Lemuel: And that's part of the issue that I had with church is that it was so mortally serious at times that I think that if you're easily offended, this also might be an issue for you, but at the same time, it's going to hue in it’s own direction, and we're not going to Jesus as far as his teachings, and the part that probably can be accepted even by secular people, was never a part of the establishment. He was constantly at war with political figures
Lemuel: at war with religious figures. He did not ever do things, the easy way, frankly. So the to me the idea that he becomes an establishment figure is completely the opposite of what he was doing. He's here to open things up. He's here to put room for everyone at the table. It's not excluding people. It's not locking people in cells. It's not keep building walls. That's not what he does.
Amity: Right. So so that we're looking at a doing cannon fodder: That's people that we think we're nominating for sainthood, you know, pending, everything. We're going to talk about, oh, we're going to maybe do a worst person in the world type section. What have you called it? Get thee behind me, Felicia.
Lemuel: Get the behind me, Felicia.
Amity: Which I believe is a Friday reference. We're going to talk about things that we are grateful for where we're not trying not to just be angry and
Lemuel: No. Christianity was also supposed to be about joy. Be happy. Everyone has a little light to share with the world. Everyone does. There's something that you bring to it, that that can contribute to the greater good. And that's really what this is about, is about my specific lens, and that has across it and your specific lens that doesn't. But at the same time, there's hope for everybody. Everyone has a role to play, everyone can contribute.
Amity: Let's talk about the title. So the title of the podcast is Without Works. Where does that come from?
Lemuel: It comes from James 2:15. But we're going to start with 14. This is one of the rare occasions outside of like, sort of a textual analysis that you'll hear be, quote scriptures. Don't worry, you know.
Amity: Yeah, we're not going to open up a prayer or a scripture reading.
Lemuel: (choral music bed) What does it profit, my brothers if someone says he has faith but does not have works?

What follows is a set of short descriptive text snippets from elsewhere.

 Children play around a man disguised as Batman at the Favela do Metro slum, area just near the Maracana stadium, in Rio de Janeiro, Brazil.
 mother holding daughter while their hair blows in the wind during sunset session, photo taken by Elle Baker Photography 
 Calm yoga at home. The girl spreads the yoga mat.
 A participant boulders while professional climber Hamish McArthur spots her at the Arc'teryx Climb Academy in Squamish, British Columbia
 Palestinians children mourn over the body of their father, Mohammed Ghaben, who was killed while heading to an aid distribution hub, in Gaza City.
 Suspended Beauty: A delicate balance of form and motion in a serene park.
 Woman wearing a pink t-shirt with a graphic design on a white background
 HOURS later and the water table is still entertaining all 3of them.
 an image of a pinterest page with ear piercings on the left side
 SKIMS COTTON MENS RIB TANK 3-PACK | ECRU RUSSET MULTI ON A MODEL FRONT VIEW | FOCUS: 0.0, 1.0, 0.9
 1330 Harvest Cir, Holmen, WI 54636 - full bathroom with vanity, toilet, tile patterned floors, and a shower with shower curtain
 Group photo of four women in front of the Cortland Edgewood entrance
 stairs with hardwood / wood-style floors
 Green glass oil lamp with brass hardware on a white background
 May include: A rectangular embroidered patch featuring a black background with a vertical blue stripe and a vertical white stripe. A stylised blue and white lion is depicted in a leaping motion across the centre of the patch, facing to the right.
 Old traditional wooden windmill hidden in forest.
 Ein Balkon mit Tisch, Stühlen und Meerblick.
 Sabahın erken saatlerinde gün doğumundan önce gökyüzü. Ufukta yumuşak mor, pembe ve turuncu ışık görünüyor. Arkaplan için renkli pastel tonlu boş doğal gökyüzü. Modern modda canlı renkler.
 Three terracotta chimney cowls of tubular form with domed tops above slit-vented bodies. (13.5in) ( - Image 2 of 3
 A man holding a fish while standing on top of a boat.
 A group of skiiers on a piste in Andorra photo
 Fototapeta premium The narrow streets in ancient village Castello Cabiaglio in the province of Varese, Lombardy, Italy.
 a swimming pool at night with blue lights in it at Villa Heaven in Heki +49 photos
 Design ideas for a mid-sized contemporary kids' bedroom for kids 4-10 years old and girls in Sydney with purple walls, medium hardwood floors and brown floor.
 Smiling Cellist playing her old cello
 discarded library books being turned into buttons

Can faith save him? If a brother or sister is naked and destitute of daily food and one of you says to him, depart in peace be warmed and filled, but not given the things which are needed for the body? What does it profit? Thus faith by itself, if it does not have works is dead. That's the thrust of this program. If you can't say to somebody, you have faith, you're okay. Just pray, everything will be better
Amity: Or even worse, really can't say I have faith,
Amity: So everything's going to be fine
Lemuel: Exactly so the whole point of this and what we've tried to do you have to do something because if you don't, your faith is meaningless.
Amity: Gotcha. Get out there and do something.
Lemuel: Get out there and do something.